Microsoft Speculation

Microsoft’s revenues have been growing; however, their stock price has gone mad bull. After 2009, the company got back on track. Revenues have been steadily increasing from $58.4b (2009) b to $62.4b (2010), $69.9b (2011), $73.7b (2012), $77.8b (2013) and rounding off 2014 with a solid growth to $86.8b. During the period from 2009 to 2012 stock price growth followed nicely with revenue and profit margin growth; however, in 2013 the three indicators started to sharply diverge.

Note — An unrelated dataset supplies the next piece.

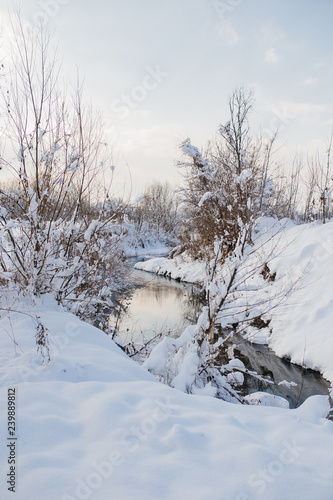 river in the winter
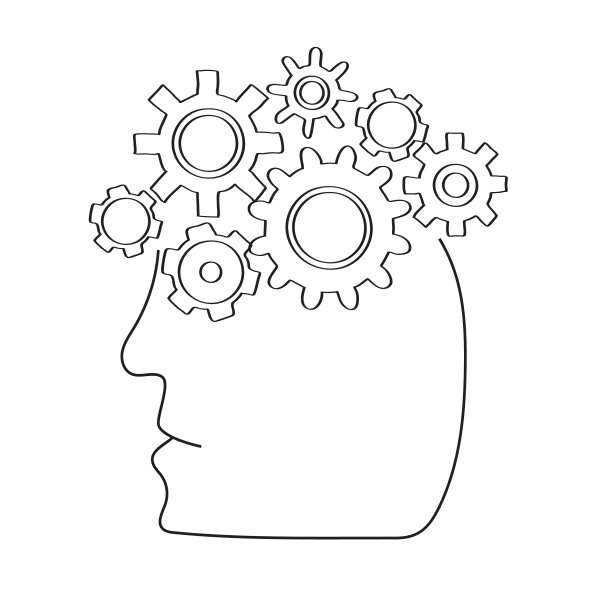 齿轮设定在手绘风格的目标图片下载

The figure above demonstrates the sharp increase in stock price, with revenues growing at half the rate of the stock price, and profits growing at half the rate of revenue growth. Microsoft missed out on multiple opportunities and were slow to adapt during the last decade. Microsoft was late to web search and social networking, allowing Google (NASDAQ: GOOG) and Facebook (NASDAQ: FB) to become the leaders in these markets. Perhaps the biggest missed opportunity was with touch-screen technology and smart phones, where they had a significant early lead in smart phone technology, but failed to understand its significance and thus fell behind other competitors. Now, people are increasingly using smart phones and tablets to do their internet browsing, and Microsoft has not yet been able to take advantage of this trend. Its Surface tablet has lost more than $1.2 billion, and its smartphone operating system market share pales in comparison to that of rivals Apple’s iOS (NASDAQ: AAPL) and Google’s Android OS. But somehow, the stock price is still strong bullish, and its new CEO Satya Nadella is a major reason why. His new vision attracted us to write the article “Why Nadella Will Lead Microsoft In The Right Direction”, recommending Microsoft in the 1 month and 3 month time horizons. The returns were a staggering 3.32% and 7.53% respectively. Following the successful forecast we published Part II of the same title, which forecast a slowdown which held for about 2 month. On September we re-established our bullish position on the stock in the article “Why Are We Bullish On Microsoft? Algorithmic Analysis”, and after a weak first half to October, the stock shot up to nearly 50$ a share, 36% growth since Nadella’s appointment. As of now the price is about $46.5.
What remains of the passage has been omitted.